Instructions for the task: Exact copy, pictures excluded: set down only the lines from the one with "Flying red blue" through the end of the entries, keeping both end lines.

[Opening Material shown section]

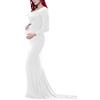 IMEKIS Vestito Elegante Premaman da Donna Vestiti per Servizio Fotografico in Gravidanza Manica Lunga Gravidanza Maxi Abito da Ballo Baby Shower Fotografia Puntelli Bianco M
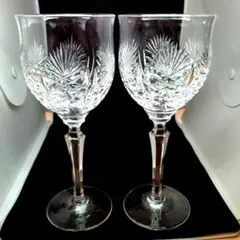新品未使用イタリア製クリスタルカットフルート型ワイングラスペア江戸切子薩摩切子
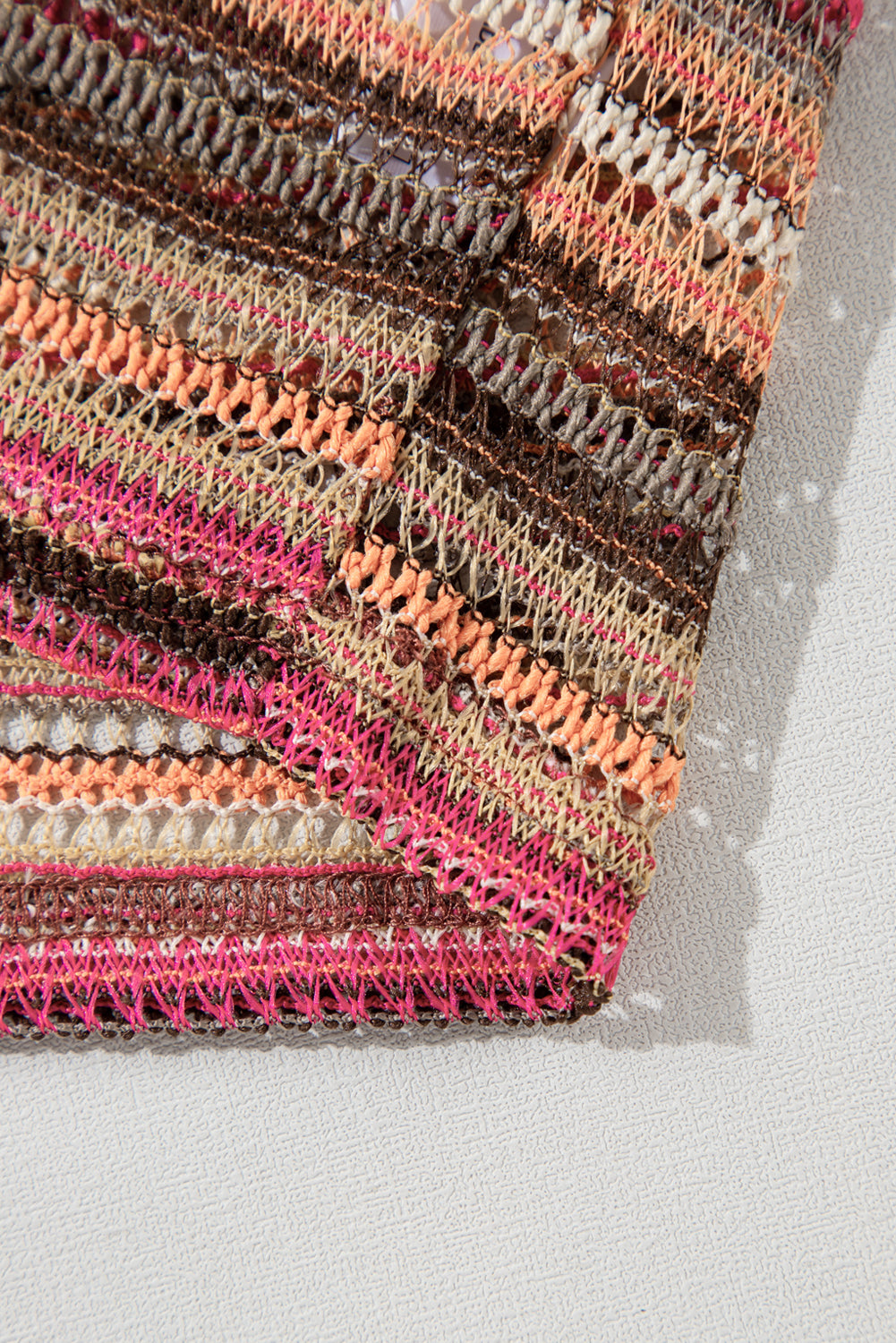 Rose Red Ethnic Striped Wide Cropped Long Sleeve Top featuring vibrant ethnic stripes and wide sleeves, perfect for stylish casual wear.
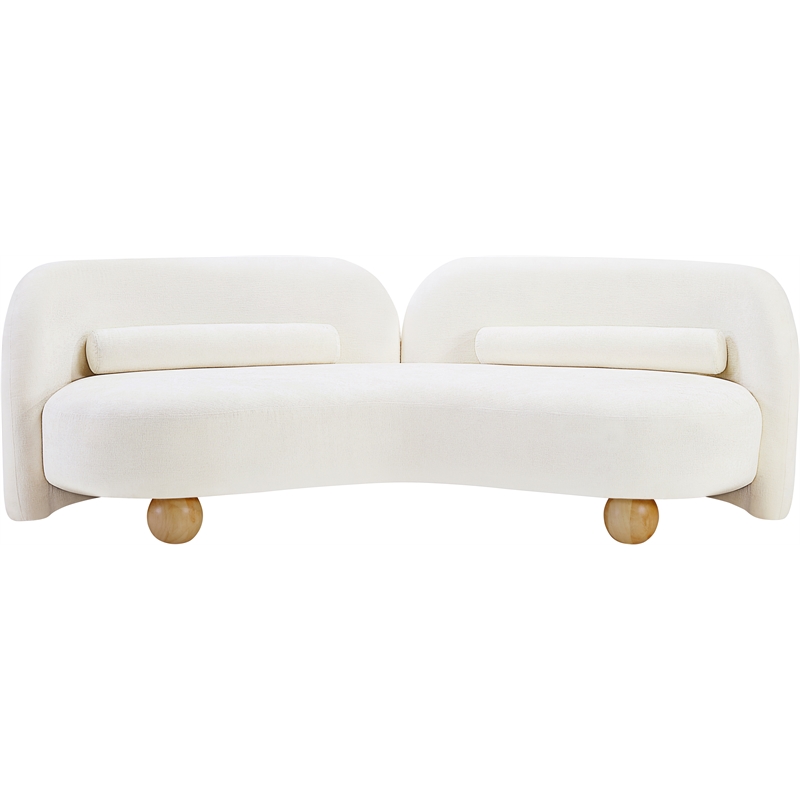 Bowery Hill Contemporary Solid Wood Frame Soft Cream Chenille Fabric Sofa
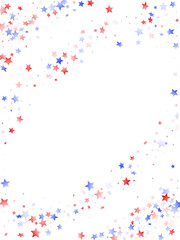 Flying red blue white star sparkles on white vector american patriotic background.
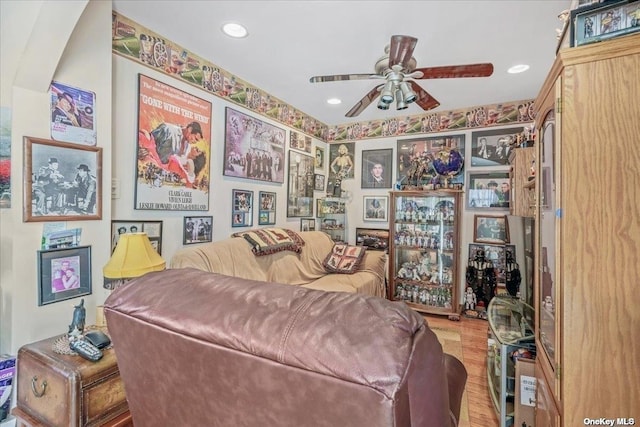 interior space with recessed lighting and ceiling fan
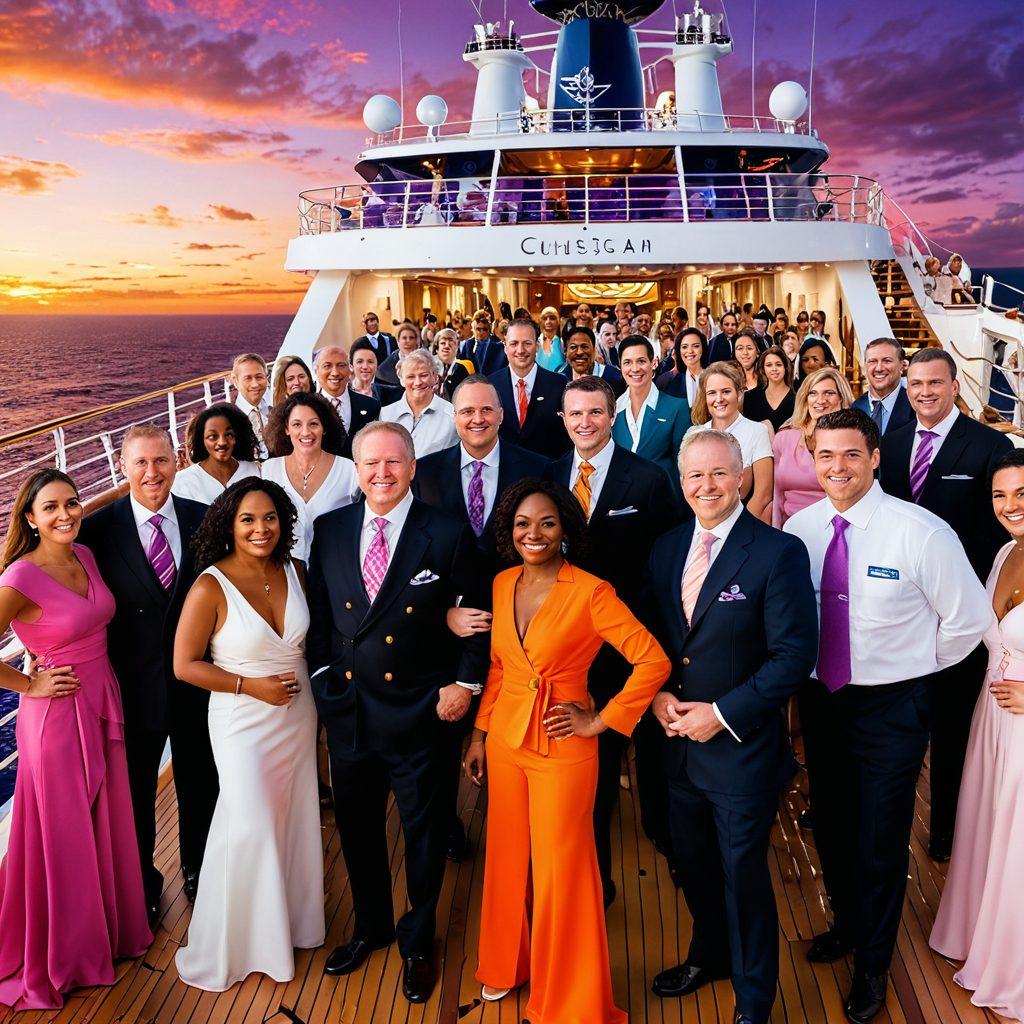 A vibrant scene on a luxurious cruise ship deck, showcasing diverse individuals in professional attire engaging in conversations, with a stunning ocean backdrop. Include elements representing career opportunities, such as a captain, hospitality staff, and entertainment crew, all smiling and networking. Highlight the feeling of adventure and growth in the cruise industry. sunset colors and dynamic ocean waves in the background. super-realistic. vibrant colors. 3D.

[Closing Material shown section]

Output:
 Flying red blue white star sparkles on white vector american patriotic background.
 interior space with recessed lighting and ceiling fan
 A vibrant scene on a luxurious cruise ship deck, showcasing diverse individuals in professional attire engaging in conversations, with a stunning ocean backdrop. Include elements representing career opportunities, such as a captain, hospitality staff, and entertainment crew, all smiling and networking. Highlight the feeling of adventure and growth in the cruise industry. sunset colors and dynamic ocean waves in the background. super-realistic. vibrant colors. 3D.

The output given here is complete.